LISTED ENTRIES:
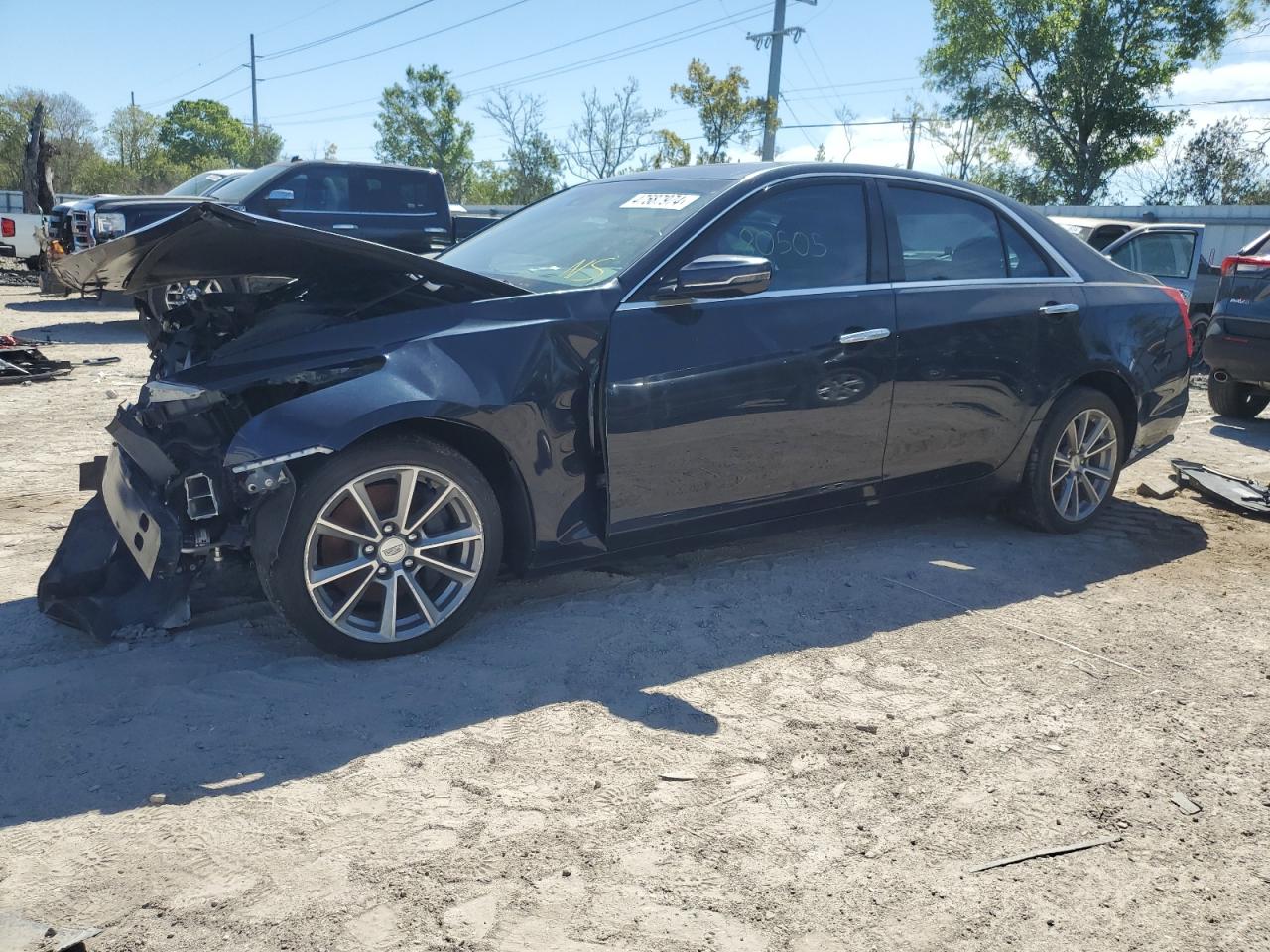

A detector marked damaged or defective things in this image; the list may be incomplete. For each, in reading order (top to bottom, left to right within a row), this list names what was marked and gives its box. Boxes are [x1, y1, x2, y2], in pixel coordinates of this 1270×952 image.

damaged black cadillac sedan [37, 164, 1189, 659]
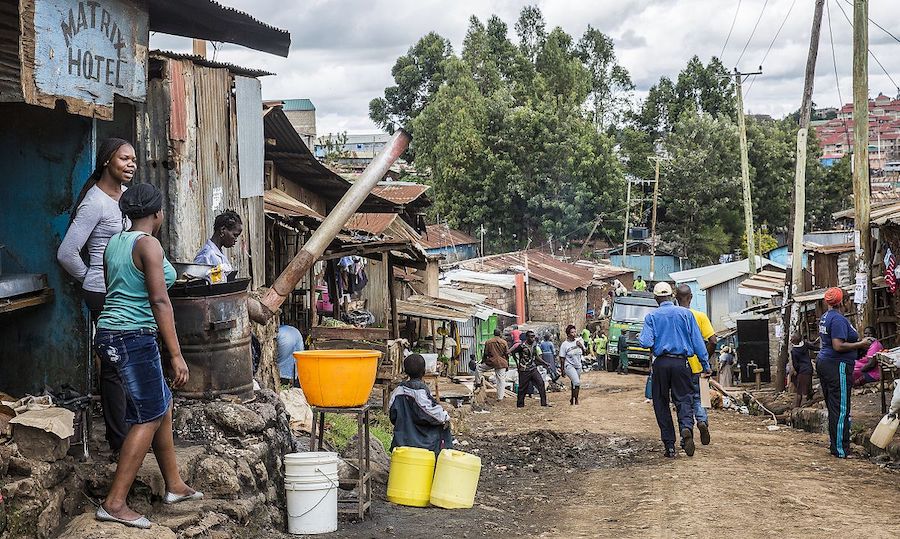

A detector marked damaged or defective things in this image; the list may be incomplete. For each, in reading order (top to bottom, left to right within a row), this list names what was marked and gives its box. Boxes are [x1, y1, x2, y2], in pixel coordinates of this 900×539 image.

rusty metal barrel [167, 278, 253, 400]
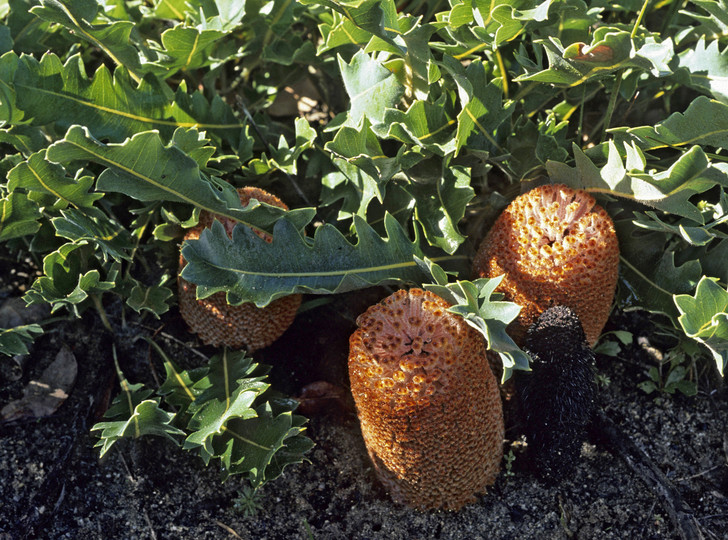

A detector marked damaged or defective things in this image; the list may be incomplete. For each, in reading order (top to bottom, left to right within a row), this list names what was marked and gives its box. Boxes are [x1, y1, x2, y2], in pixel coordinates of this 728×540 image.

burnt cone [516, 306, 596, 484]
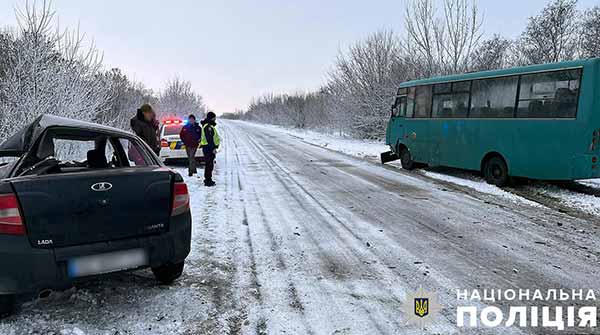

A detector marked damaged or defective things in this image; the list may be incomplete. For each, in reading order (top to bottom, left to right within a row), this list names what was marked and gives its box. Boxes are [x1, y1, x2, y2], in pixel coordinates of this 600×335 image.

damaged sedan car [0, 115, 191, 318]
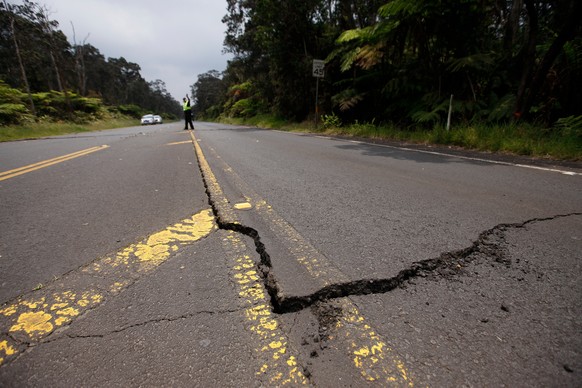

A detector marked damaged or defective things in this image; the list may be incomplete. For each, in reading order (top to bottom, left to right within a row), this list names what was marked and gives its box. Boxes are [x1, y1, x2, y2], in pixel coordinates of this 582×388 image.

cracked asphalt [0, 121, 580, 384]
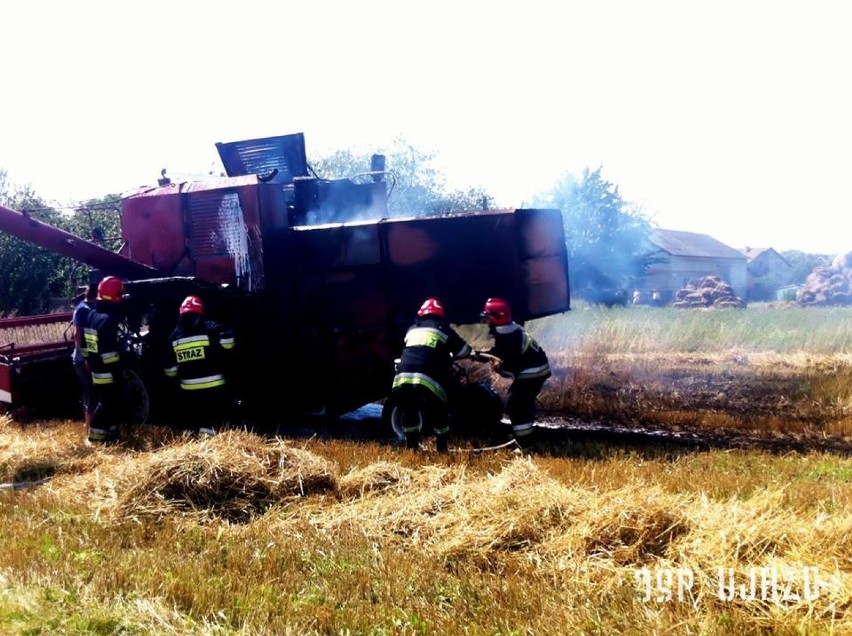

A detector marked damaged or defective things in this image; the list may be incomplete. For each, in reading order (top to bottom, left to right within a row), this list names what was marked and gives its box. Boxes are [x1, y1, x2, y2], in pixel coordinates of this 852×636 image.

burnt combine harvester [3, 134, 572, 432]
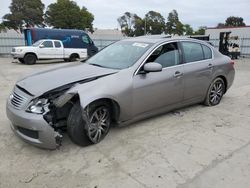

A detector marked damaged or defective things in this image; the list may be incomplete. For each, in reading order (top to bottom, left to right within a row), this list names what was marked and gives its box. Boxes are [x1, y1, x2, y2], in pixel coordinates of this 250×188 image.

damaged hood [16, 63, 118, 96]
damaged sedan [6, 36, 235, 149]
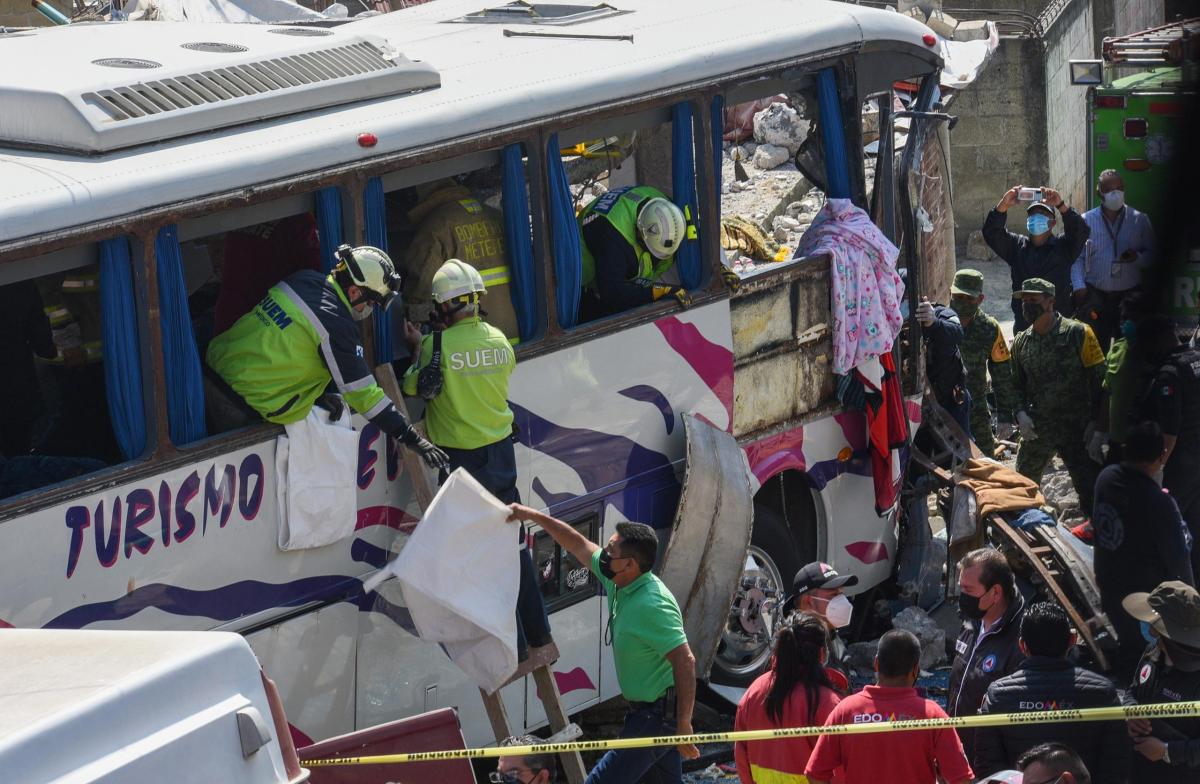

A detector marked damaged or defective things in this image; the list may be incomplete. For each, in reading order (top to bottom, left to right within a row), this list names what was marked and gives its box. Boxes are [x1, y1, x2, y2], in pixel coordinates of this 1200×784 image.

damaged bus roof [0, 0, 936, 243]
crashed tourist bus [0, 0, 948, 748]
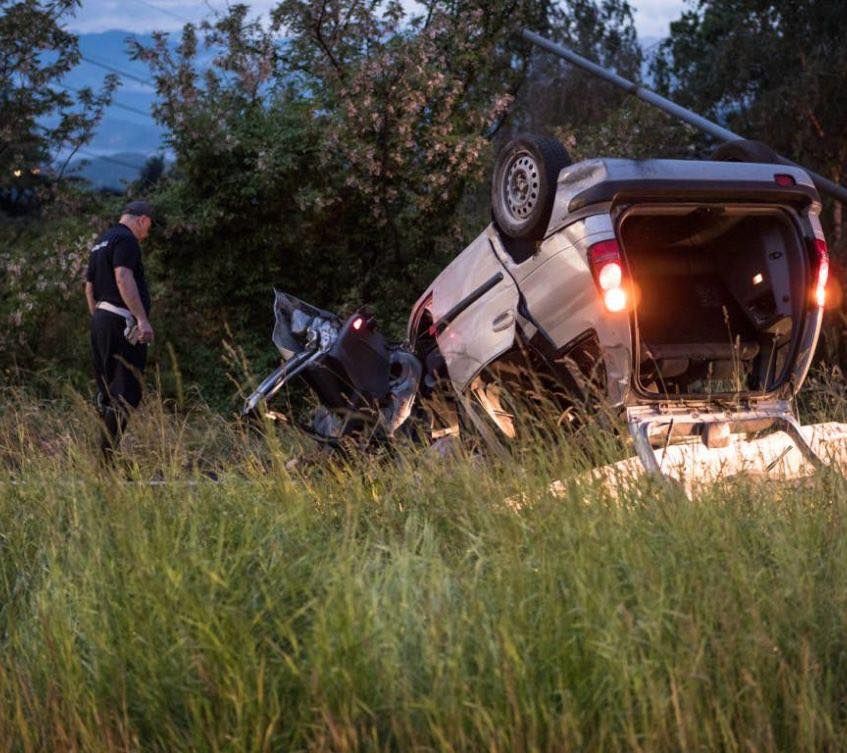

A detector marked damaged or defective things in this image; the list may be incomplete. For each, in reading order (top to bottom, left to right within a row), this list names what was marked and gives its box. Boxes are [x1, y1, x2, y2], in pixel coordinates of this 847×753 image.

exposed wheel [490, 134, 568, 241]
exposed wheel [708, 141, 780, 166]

WHAT YOU WILL DO:
The needed output is the lines from the one with "this 250×188 image." through the end of the listing, written out exactly, both ends included, pictures excluded.

RESPONSE BOX:
A detector marked damaged or defective things in this image; the list may be incomplete. For each, in reading order (top to bottom, left to right within a row), this list names what was marked and gives its box. Boxes are [x1, y1, x2, y2], in pixel coordinates of this 250×188 image.

damaged hood [16, 63, 118, 96]
damaged sedan [6, 36, 235, 149]

A detector marked damaged or defective things in this image; the list may be incomplete. For each, in reading order (top to bottom, left to right within a row), this list names what was marked and gives its box. Boxes are [x1, y1, x2, y2], in pixel coordinates of this 1200×784 image.

damaged bus roof [0, 0, 936, 243]
crashed tourist bus [0, 0, 948, 748]

A detector marked damaged or defective things in this image; the list may be incomplete. For each, in reading order (top to bottom, left to right within a row), this list names what was marked and gives its box. Boxes are [x1, y1, x2, y2], in pixel coordinates of this 847×753 image.

exposed wheel [490, 134, 568, 241]
exposed wheel [708, 141, 780, 166]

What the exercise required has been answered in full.